The Ministry of Justice has announced that it is fast-tracking legislation to put increased criminal legal aid fees in lawyers’ pockets more quickly – in what will be seen as confirmation that the criminal bar’s strike action is working.
Three days after the criminal bar stepped up its action, the Ministry of Justice confirmed that barristers will receive a 15% fee rise from the end of September. Criminal solicitors will receive a 15% fee increase for their work in police stations and magistrates’ and youth courts. Further multi-million-pound reforms to solicitors’ pay still under consideration.
Justice minister James Cartlidge MP said: ‘Our energetic efforts to tackle the courts backlog are working but the strike action by criminal barristers threatens all that progress, despite the very generous pay offer on the table. The typical criminal barrister will earn an extra £7,000 a year from September, so I urge the Criminal Bar Association to accept this offer to stop victims having to wait longer for justice.’
In a written ministeral statement, Cartlidge also confirmed that the scope of payment for pre-charge engagement work will be extended to cover work done ahead of an agreement, or where an agreement isn’t reached, in line with the Attorney General’s disclosure guidelines. Fixed fees where individuals elect to have their case heard at the Crown court and go on to plead guilty will be abolished.
Law Society president I. Stephanie Boyce said: ‘These first-stage changes are welcome, with some rate increases set to be in place as early as September. The next steps will be to ensure our members see the full 15% rate increase recommended by the independent review of criminal legal aid. We also hope to see the Crown court scheme reformed.

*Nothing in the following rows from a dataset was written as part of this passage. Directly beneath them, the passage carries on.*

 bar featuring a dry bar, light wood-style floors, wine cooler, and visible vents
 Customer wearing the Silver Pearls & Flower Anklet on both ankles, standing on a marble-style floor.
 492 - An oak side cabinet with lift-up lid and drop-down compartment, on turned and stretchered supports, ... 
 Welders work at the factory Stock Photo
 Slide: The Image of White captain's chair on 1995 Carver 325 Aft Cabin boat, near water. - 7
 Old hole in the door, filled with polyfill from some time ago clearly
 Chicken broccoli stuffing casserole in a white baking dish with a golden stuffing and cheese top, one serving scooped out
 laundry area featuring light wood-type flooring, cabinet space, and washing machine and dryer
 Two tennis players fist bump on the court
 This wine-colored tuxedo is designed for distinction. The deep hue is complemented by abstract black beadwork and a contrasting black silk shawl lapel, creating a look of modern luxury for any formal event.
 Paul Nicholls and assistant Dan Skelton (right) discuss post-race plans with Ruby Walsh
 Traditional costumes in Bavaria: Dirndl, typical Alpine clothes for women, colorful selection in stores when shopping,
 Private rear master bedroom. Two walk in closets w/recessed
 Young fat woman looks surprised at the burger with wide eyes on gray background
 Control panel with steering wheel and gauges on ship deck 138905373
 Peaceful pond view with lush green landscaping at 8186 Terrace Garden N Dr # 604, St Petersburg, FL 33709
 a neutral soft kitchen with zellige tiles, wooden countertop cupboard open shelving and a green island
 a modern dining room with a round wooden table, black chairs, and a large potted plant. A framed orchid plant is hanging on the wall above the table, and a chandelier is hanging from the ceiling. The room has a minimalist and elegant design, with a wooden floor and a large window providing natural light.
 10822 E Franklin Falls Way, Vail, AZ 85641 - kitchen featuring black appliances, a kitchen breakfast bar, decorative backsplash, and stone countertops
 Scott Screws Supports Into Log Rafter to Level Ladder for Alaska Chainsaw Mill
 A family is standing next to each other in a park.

‘In order to secure the sustainability of the profession, to help tackle the huge backlog in our courts and to ensure timely justice for victims and defendants, the government needs to ensure all parts of the criminal justice system are properly funded.’
Today’s announcement appears to confirm what Cartlidge told the Gazette earlier this month – that the government hoped to lay secondary legislation by mid-July that would see fees increase by the end of September.